◆ **EXERCISE DATA**:

--- START ---

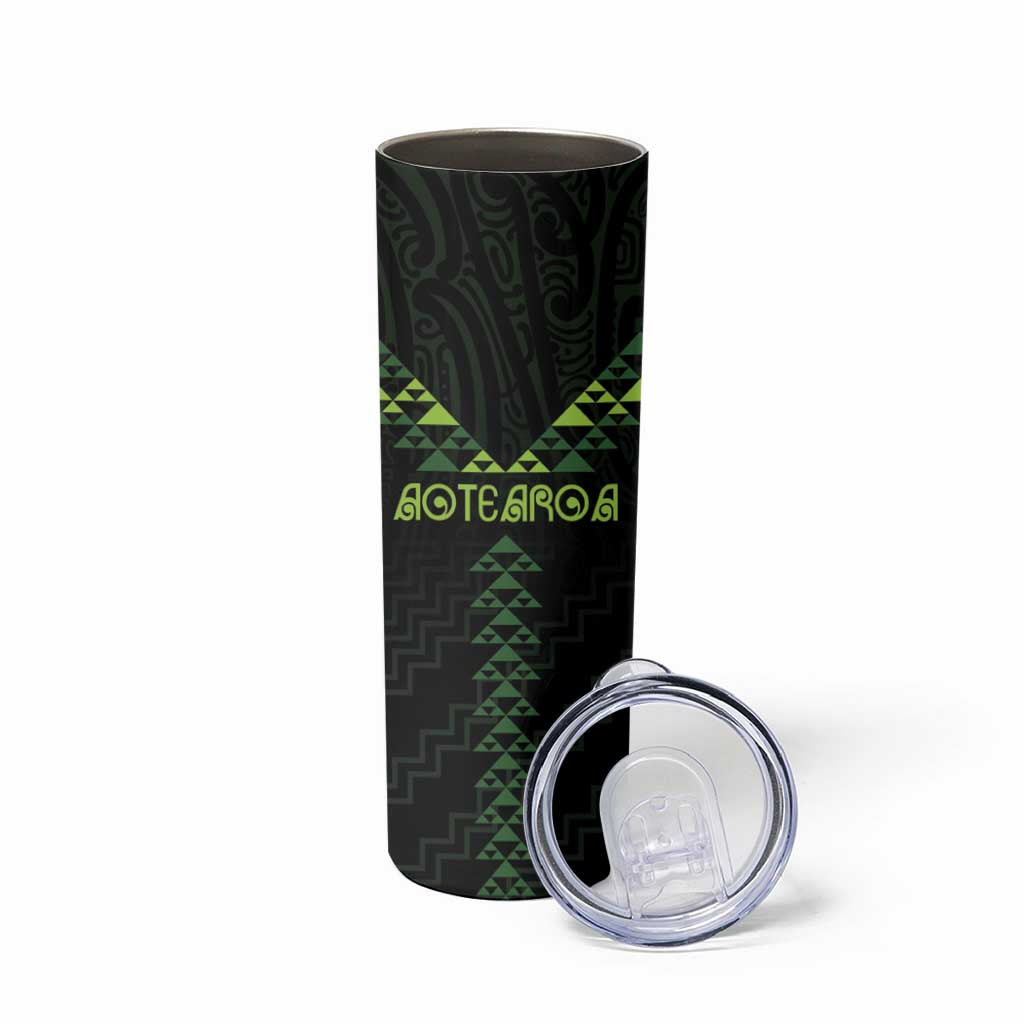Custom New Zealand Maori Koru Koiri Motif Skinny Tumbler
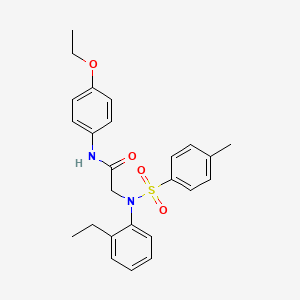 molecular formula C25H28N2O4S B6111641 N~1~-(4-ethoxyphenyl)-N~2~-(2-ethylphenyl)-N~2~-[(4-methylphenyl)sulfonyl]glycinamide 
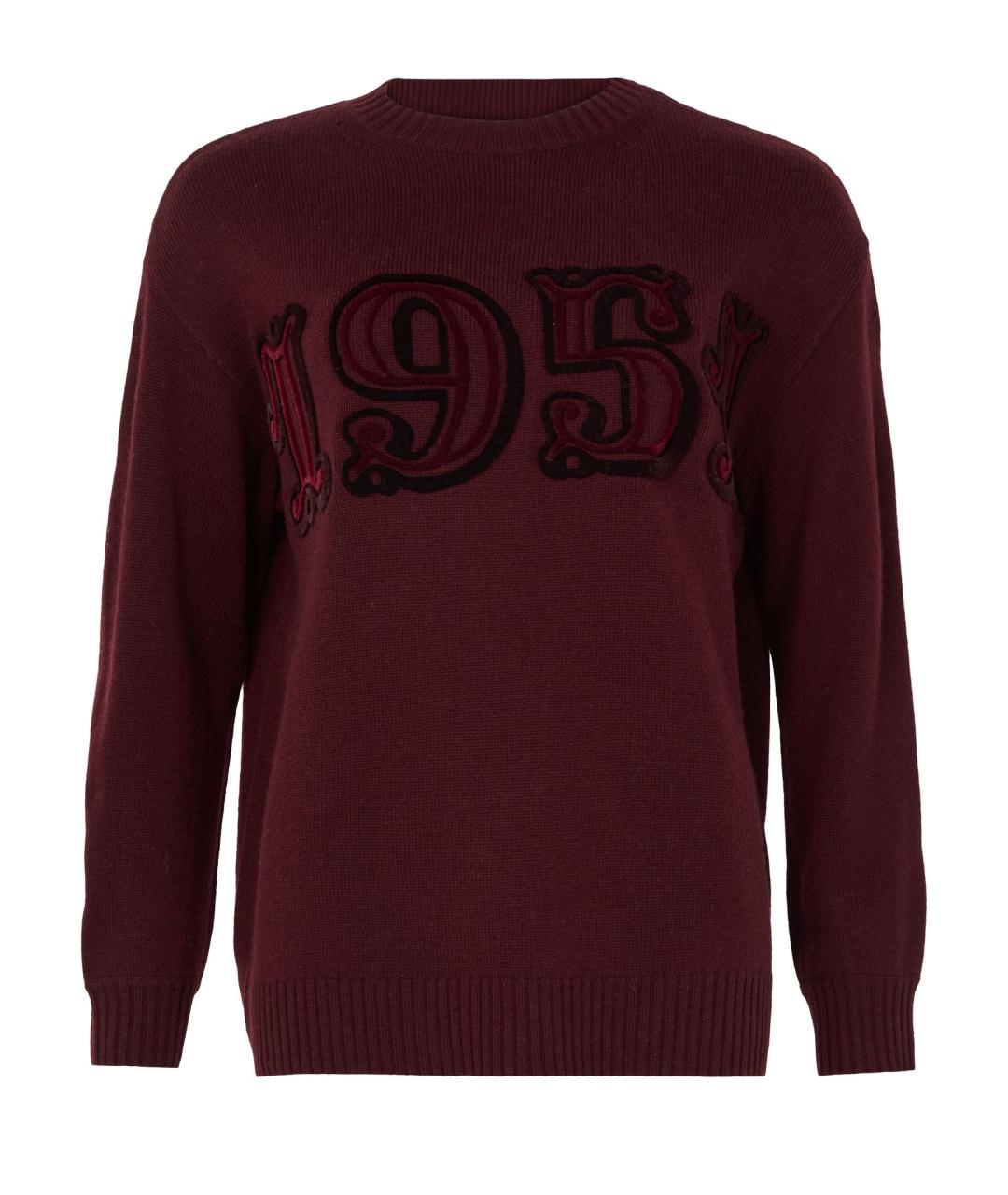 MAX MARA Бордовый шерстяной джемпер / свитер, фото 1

--- END ---
--- START ---

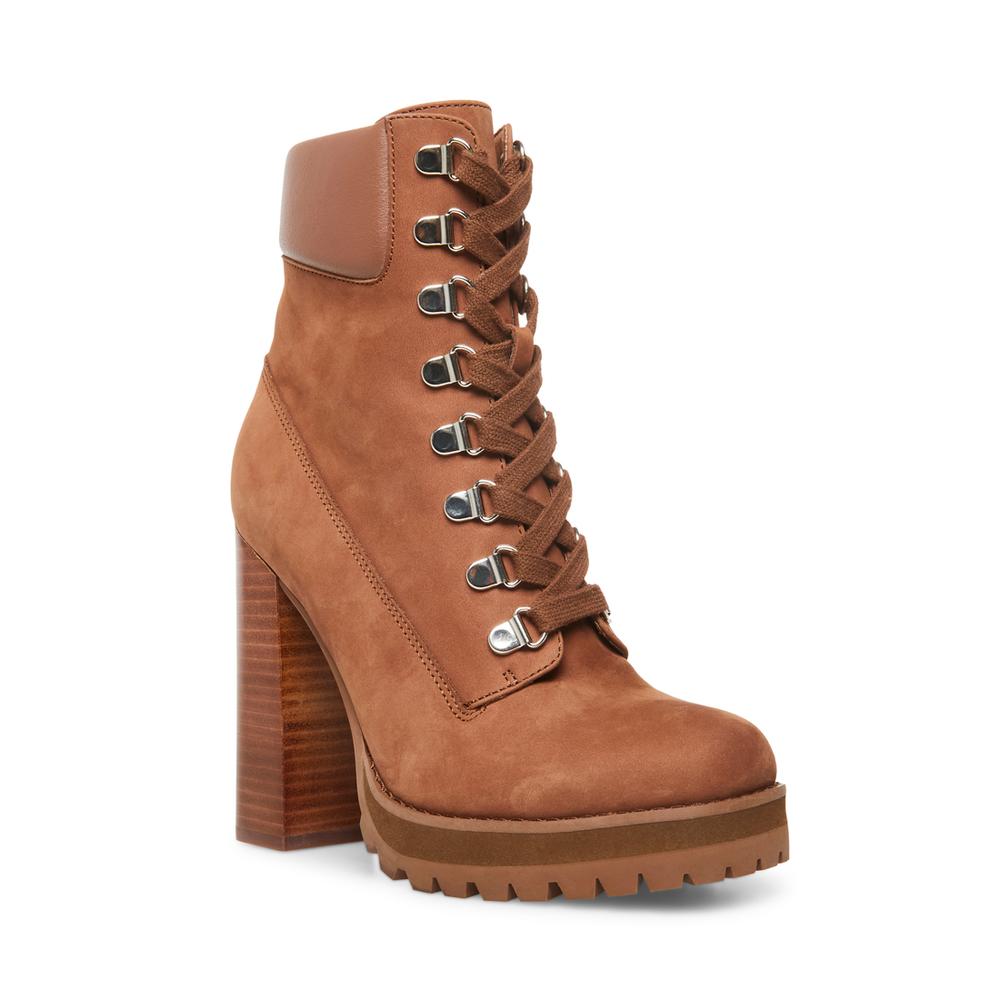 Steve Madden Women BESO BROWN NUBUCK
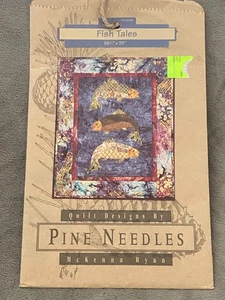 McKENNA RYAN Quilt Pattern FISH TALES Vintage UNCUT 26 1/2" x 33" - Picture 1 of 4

--- END ---

◆ **EXERCISE DESCRIPTION**: When copying from the data above, print only the lines from the line containing "Steve Madden Women BESO BROWN NUBUCK" to the line containing "McKENNA RYAN Quilt", exactly, and leave the pictures out.

◆ **SOLUTION FOR THIS PROBLEM**:
 Steve Madden Women BESO BROWN NUBUCK
 McKENNA RYAN Quilt Pattern FISH TALES Vintage UNCUT 26 1/2" x 33" - Picture 1 of 4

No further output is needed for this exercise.